According to Margaret Sabine, her husband resigned his commission shortly after the rescue of William “Jerry” Henry.




The Sabine house is a brick stepped-gable Federal house with elliptical arches and fanlight on the south end of Academy Green, in the middle of Onondaga Hollow.  Built about 1814 or earlier, it remained in the family until 1944. None of the outbuildings survive. A newspaper photograph of a building built by Joshua Forman to house people in slavery, supposedly similar to one on the Sabine farm, exists. Given that only one person lived in slavery with the Sabines, however, it is doubtful that such a building would actually have been used as a dwelling for that African American. (Hardin, 274-5; OHA clipping, n.d.)




Census of the State of New-York for 1855. Albany: Charles Van Benthuysen, 1857.

Gramza, Janet. “House with a Dual History.” Post-Standard, February 16, 2002.

Hardin, Eva Marie. Syracuse Landmarks. Syracuse: Onondaga Historical Association, 1993.

Sperry, Earl. The Jerry Rescue. Syracuse: Onondaga Historical Association, 1924.

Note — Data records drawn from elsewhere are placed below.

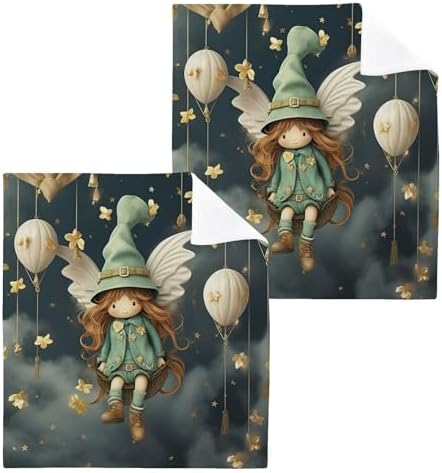 Cute Gnome Washcloths 2 Pack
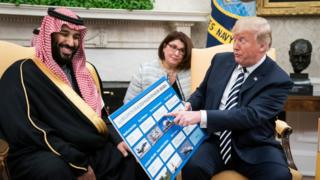 Donald Trump e bin Salman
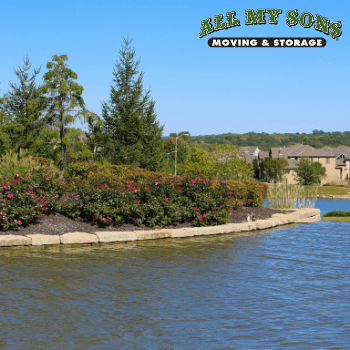 A lake view in Overland Park, Kansas.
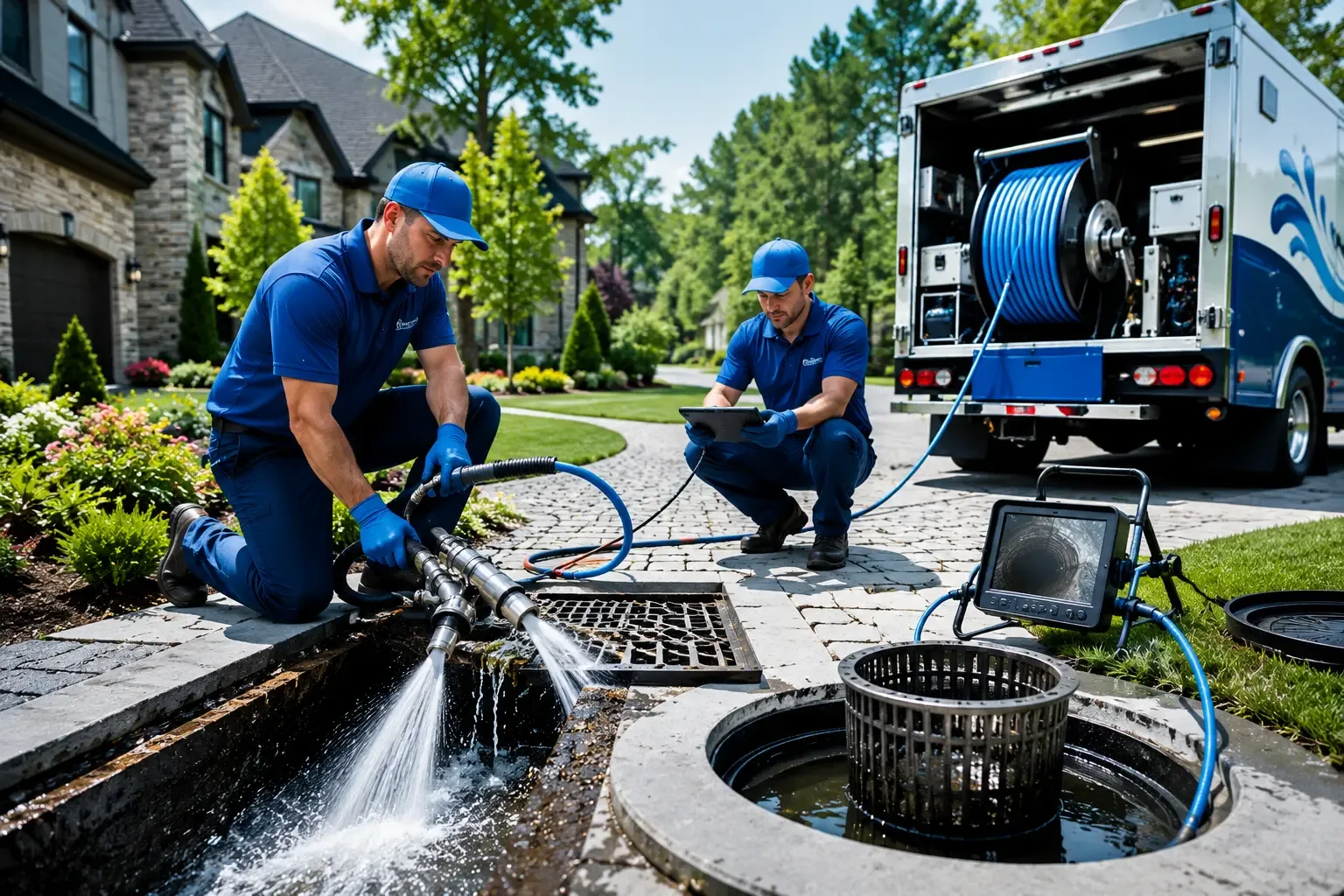 Local outdoor drain cleaning professionals in Linden, VA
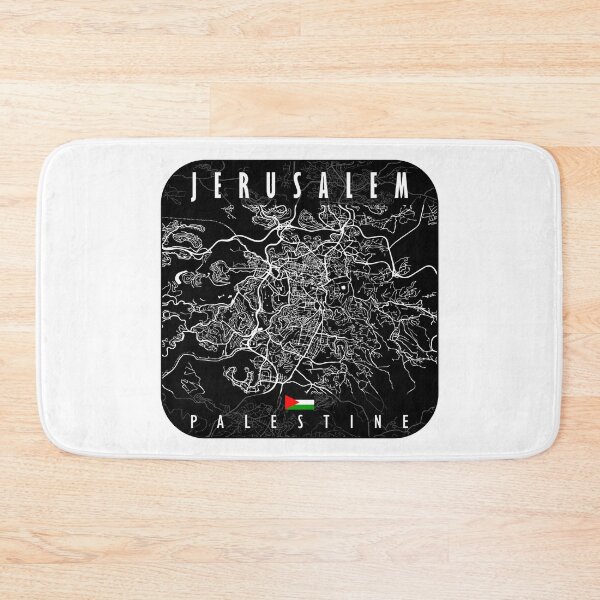 Item preview, JERUSALEM MAP PALESTINE designed and sold by hatimelhag.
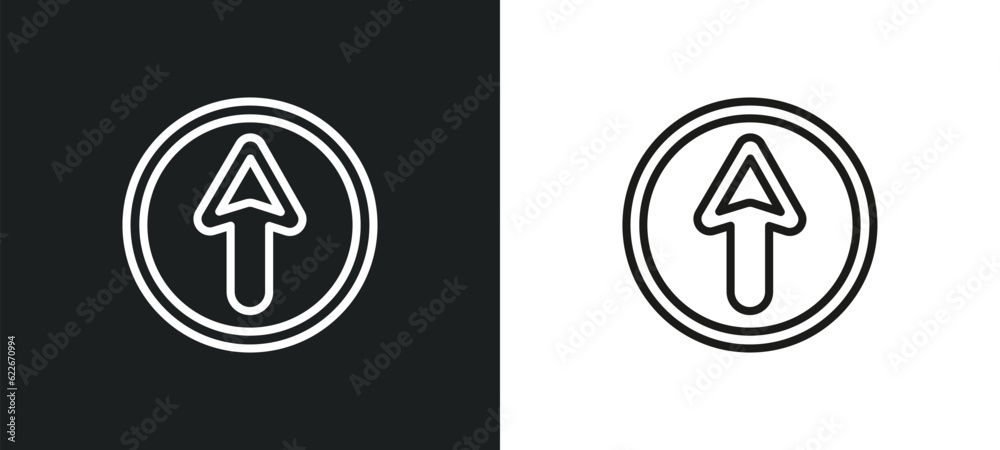 Poster envelope outline icon in white and black colors. envelope flat vector icon from user interface colle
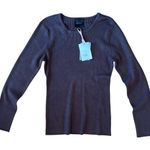Alex Marie New with Tags  Ribbed Crewneck Top size Large Business Casual Preppy N Photo 0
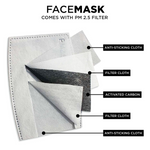 Modern Grey Geometric Face Mask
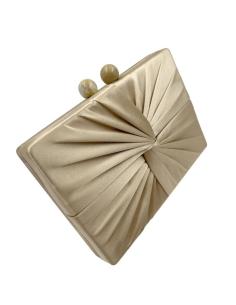 BOLSOS FIESTA DORADOS OCRE ELEGANTES TEXTURA SEDA PARA BODAS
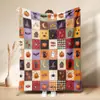 Venta Caliente de Otoño Estampado de Calabaza Manta de Siesta Cosecha Acción de Gracias Hogar Manta de Franela Polar Personalización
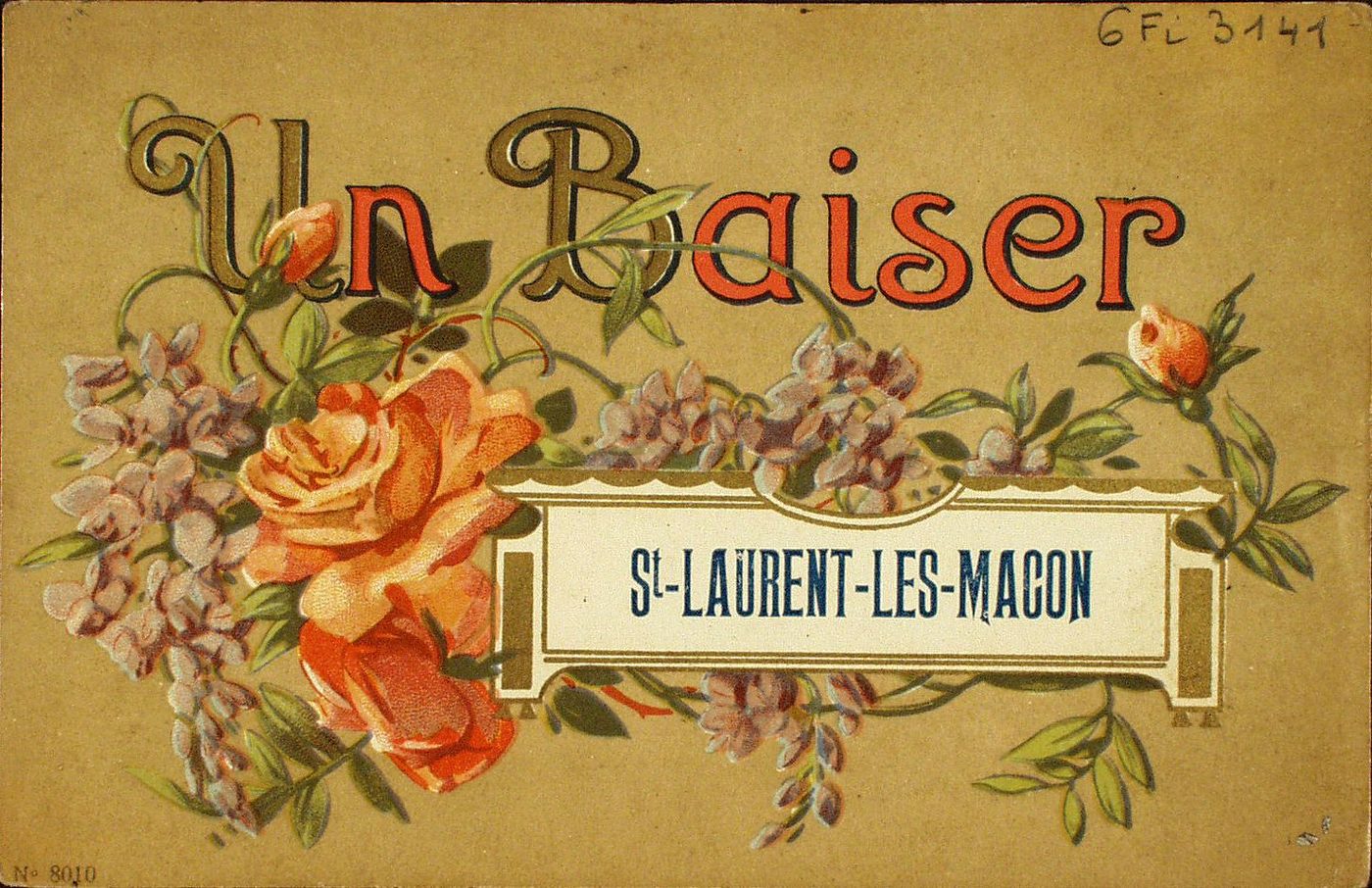 Saint-Laurent-lès-Mâcon, un baiser.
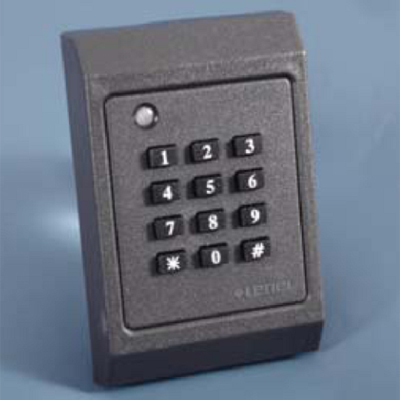 Lenel LenelProx LPKP-6840 is a combination keypad and switchplate proximity reader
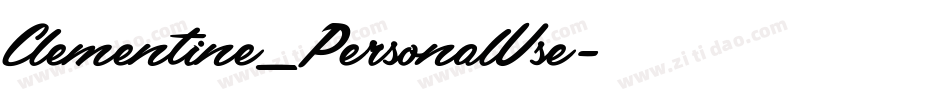 Clementine_PersonalUse字体转换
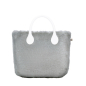 Cover O bag mini Ecopelliccia lapinGrigio chiaro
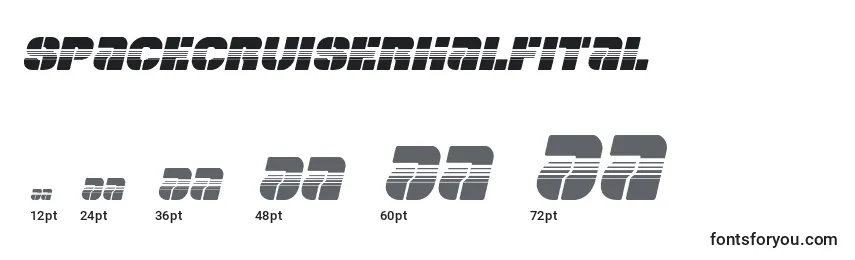 Spacecruiserhalfital Font Sizes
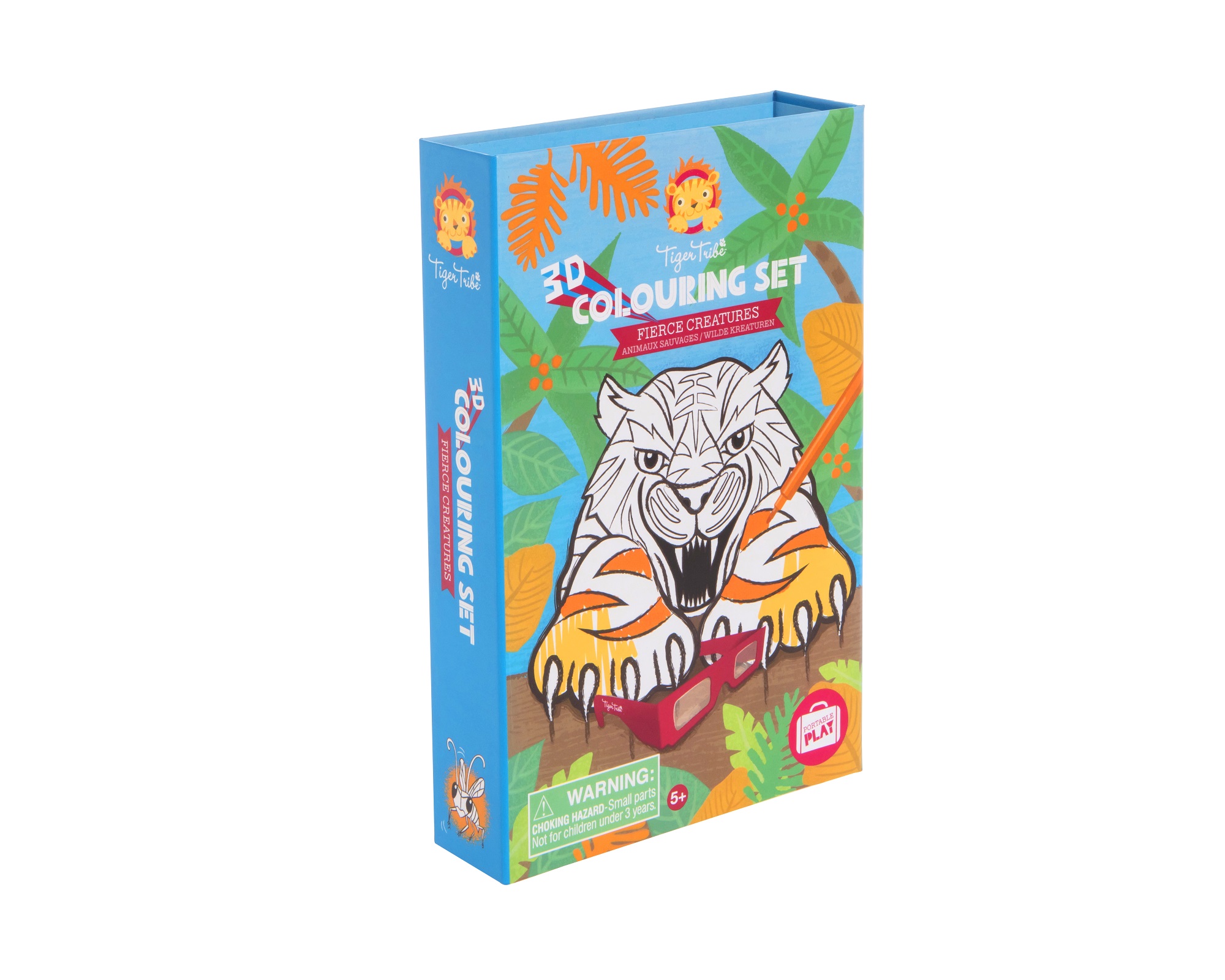 Levně Tiger Tribe 3D Colouring Set - Fierce Creatures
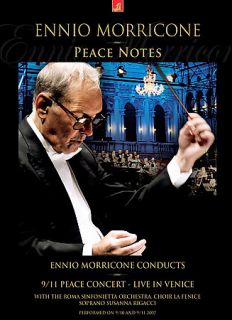 Ennio Morricone   Peace Notes Live In Venice DVD, 2008, 3 Disc Set 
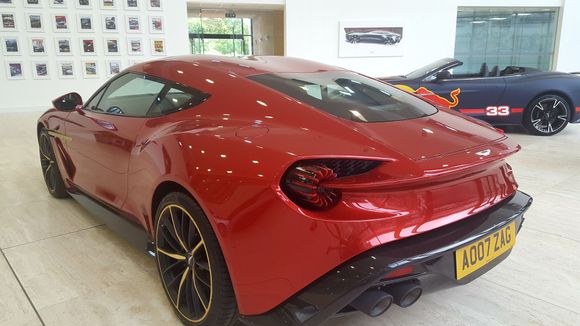 Saw 3 Zagatos while we were there. They had this Zagato Vanquish in the lobby and we saw one more on the shop floor.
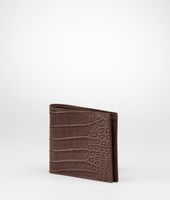 Bottega Veneta® Soft Crocodile Fume Wallet Bottega Veneta® Soft Crocodile Fume Wallet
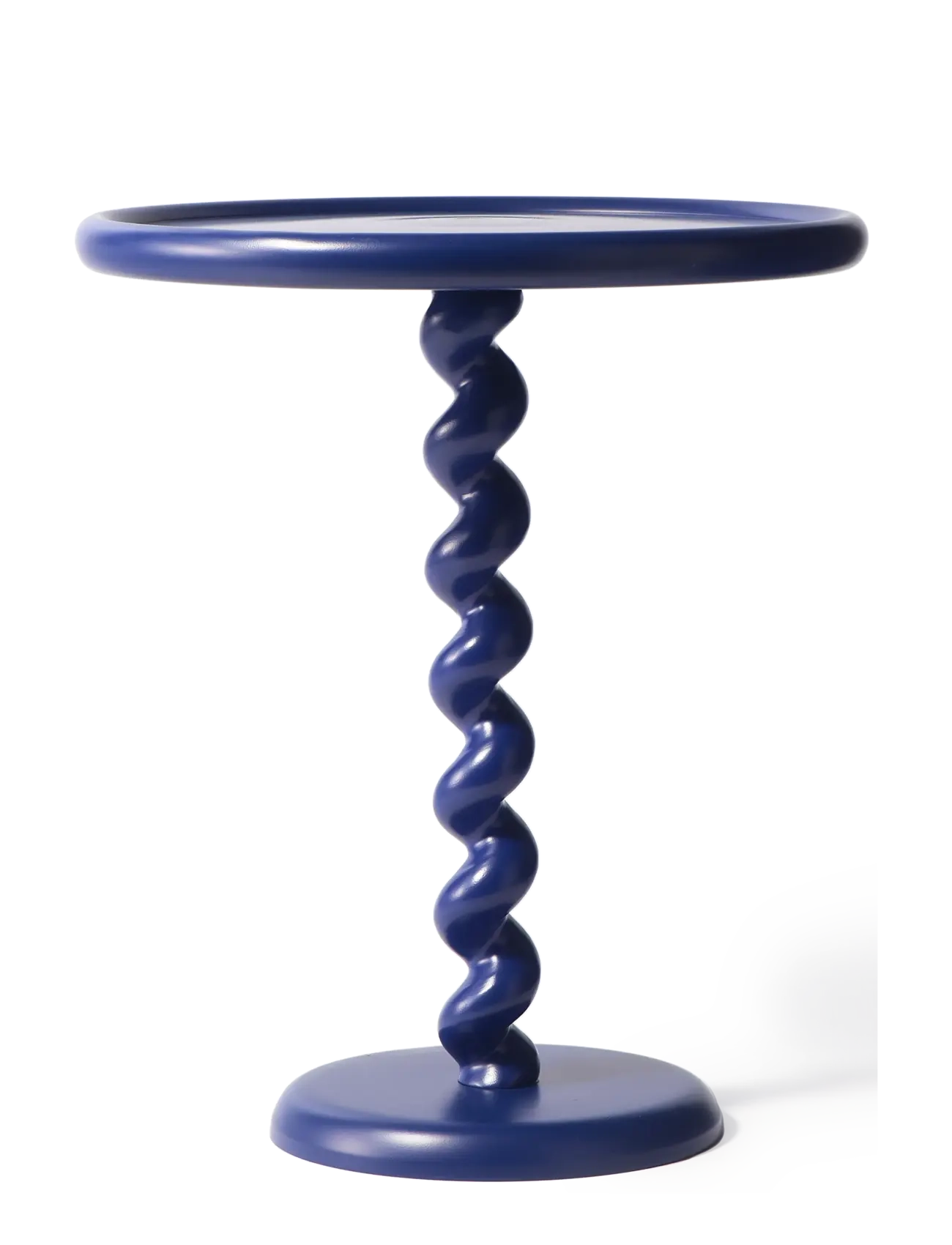 POLSPOTTEN - side table twister deep blue - dark blue - 1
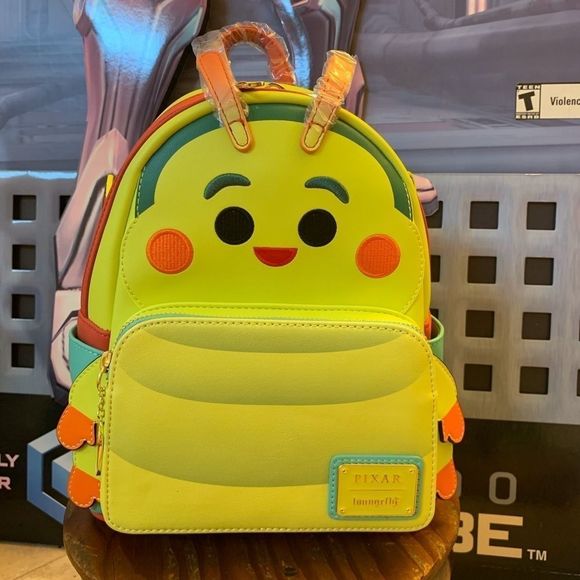 Loungefly Disney Bug’s Life Heimlich Butterfly Mini Backpack!RARE! NEW WITH TAGS - Picture 7 of 13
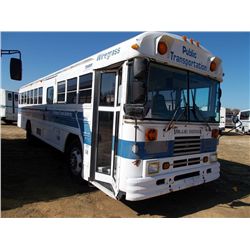 1994 BLUE BIRD BUS, S/N 1BAAGCSA9RF059205, DIESEL ENGINE, A/T, 33 PASSENGER, ODOMETER READING 346,63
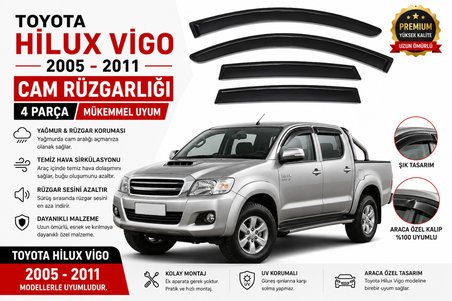 Ottoman Toyota Hilux Vigo 2005-2011 Uyumlu Cam Rüzgarlığı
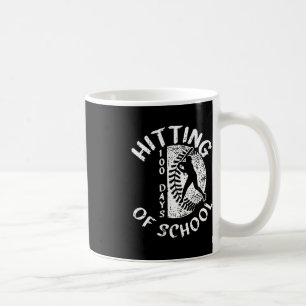 100 Days Of School Baseball Player Teacher Student Coffee Mug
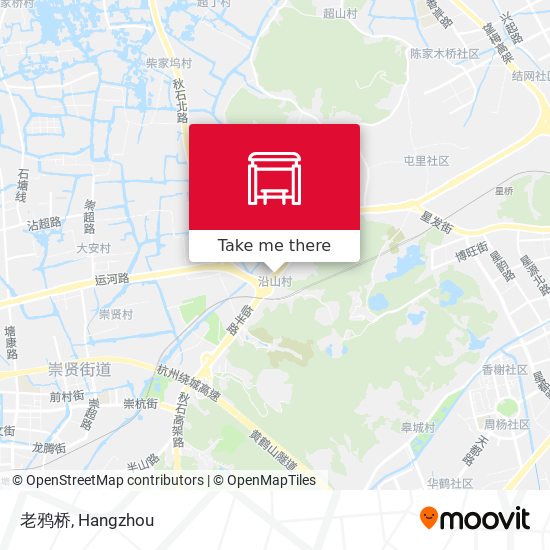 老鸦桥 map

Sweet, Atlas of Onondaga County, 1874.

Newspaper articles from files of OHA.



Further Research Needs


Research in anti-slavery newspapers of the 1840s and 1850s would probably reveal more of William Sabine’s activism, and perhaps more about Joseph and Margaret Sabine, as well. The Liberty Press is on microfilm at the OHA for 1843. The OHA also has copies of the Madison & Onondaga County Abolitionist for the 1840s.